Anthony Geary Goes Dutch

Here, Geary talks tongues — speaking in them, that is. Splitting his time between Amsterdam, in the Netherlands, and the U.S. has afforded him the unique opportunity of learning Dutch. “I speak well. I can get along fairly well in most conversations,” he says — in English. “The interesting thing is, where I live, most people speak English anyways. They hear my accent, they switch — so then you have to be very sly to keep the Dutch speaking Dutch to you.”

It’s all Greek to us, but this daytime vet knows the value of being truly comfortable in his second home. “They’re all bilingual or trilingual, and Dutch is a difficult language. It’s also a boutique language,” he explains. “It’s only spoken by about 15 million people in the whole world, and they only speak it in Holland and a version of it in South Africa. Afrikaans is part-Dutch, part-English, part-African. People say ‘Why would you learn Dutch? Nobody speaks it. Why not French?’ Even the Dutch say that to me! I say because I want to live here, I think it’s only common courtesy that I speak the language.”

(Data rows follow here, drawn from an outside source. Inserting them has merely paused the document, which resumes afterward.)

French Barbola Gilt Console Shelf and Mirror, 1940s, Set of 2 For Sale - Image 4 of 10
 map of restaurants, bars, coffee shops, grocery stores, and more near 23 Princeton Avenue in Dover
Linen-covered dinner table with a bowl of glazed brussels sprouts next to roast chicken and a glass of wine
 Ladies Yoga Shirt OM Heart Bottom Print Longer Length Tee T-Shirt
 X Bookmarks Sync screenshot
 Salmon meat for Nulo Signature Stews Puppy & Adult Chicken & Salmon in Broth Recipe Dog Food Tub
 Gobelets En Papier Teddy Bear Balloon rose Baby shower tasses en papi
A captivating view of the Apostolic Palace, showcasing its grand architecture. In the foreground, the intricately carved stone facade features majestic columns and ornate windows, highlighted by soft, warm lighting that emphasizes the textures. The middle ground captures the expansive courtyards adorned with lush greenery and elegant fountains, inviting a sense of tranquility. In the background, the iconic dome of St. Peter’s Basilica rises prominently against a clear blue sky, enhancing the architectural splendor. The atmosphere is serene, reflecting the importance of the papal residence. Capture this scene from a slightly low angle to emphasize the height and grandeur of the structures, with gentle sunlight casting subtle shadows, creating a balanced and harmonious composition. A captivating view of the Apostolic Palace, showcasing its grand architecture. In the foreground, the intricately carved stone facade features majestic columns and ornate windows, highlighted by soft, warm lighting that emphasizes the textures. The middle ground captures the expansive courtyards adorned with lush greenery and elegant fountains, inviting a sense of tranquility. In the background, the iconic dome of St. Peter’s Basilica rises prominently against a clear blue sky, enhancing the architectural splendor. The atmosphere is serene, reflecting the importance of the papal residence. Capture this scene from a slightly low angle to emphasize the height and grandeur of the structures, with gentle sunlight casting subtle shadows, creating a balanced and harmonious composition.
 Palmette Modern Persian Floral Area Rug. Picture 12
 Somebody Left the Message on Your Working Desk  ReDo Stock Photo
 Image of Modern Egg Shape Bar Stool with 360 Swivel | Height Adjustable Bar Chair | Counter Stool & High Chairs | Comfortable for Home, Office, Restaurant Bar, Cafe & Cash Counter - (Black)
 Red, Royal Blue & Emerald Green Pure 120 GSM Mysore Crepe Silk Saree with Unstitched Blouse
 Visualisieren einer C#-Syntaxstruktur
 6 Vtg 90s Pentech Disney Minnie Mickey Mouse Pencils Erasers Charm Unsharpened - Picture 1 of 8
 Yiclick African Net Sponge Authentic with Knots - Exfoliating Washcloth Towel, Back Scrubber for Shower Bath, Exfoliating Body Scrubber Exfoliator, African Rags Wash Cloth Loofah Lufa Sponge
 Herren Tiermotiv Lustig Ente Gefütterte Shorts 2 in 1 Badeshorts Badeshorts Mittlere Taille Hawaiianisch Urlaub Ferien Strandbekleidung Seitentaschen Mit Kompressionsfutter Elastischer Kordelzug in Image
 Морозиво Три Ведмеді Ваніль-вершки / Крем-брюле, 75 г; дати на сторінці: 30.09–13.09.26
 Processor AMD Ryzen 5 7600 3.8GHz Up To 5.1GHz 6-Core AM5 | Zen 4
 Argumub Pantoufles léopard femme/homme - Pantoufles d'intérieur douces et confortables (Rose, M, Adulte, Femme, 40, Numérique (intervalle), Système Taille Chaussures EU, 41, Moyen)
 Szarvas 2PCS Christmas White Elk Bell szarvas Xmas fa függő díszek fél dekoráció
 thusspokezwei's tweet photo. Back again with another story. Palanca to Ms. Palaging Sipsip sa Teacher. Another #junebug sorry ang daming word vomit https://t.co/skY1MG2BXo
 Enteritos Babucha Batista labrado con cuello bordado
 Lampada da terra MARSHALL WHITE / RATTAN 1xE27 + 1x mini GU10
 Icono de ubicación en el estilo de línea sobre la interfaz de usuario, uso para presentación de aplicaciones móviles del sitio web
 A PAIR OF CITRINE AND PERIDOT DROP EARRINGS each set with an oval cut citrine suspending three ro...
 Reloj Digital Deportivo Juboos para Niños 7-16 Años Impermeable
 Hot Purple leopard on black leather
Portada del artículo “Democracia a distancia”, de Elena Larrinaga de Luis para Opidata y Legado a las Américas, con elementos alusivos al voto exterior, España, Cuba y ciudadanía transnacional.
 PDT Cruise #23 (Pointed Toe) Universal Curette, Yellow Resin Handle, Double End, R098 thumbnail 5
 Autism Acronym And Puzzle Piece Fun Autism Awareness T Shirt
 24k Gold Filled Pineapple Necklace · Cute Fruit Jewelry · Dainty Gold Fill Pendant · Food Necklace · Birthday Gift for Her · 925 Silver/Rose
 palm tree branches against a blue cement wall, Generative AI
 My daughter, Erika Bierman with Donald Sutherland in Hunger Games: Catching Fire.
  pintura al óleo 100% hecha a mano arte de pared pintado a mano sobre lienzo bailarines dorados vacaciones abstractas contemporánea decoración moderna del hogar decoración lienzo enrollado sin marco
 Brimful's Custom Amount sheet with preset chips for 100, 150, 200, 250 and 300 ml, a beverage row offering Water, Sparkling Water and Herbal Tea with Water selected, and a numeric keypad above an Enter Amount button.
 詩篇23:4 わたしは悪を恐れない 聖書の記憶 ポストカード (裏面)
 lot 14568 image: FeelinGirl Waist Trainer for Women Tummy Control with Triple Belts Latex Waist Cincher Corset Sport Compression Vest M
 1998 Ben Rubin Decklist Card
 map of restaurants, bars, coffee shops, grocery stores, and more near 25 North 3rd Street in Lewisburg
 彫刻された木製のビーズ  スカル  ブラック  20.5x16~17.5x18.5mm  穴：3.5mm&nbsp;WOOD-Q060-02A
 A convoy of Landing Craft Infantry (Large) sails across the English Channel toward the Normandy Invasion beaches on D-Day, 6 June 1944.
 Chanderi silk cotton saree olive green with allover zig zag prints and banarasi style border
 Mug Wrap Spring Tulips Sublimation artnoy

And how did Geary become so competent in this unique boutique speak? “Well, I have a lot of Dutch friends who have been patient enough to speak it with me but I did take courses and I still do,” he reveals. “I went to a school in Amsterdam, and every time I would go there for more than 10 weeks, I would take a 10-week course.” And he’s been there quite often, “so, I’ve been going back and forth now for 10 years.” But more important than classes is the practical application and he stresses, “I’ve picked it up and then I speak it. Whenever I go into the city or out into the countryside, I try to speak Dutch as long as the people will let me.”

And that tends to be the key problem. “As soon as they hear the accent, they switch. They prefer to speak English with you because they think it’s fun to speak English,” he points out, “and I’m looking for a chance to practice my Dutch.”

So, how does Geary get around that? Why, in true Luke Spencer fashion, of course. A “sly” teacher of Geary’s gave him this piece of advice: “You must tell people you come from Finland. Nobody speaks Finnish and they won’t expect you to speak English.”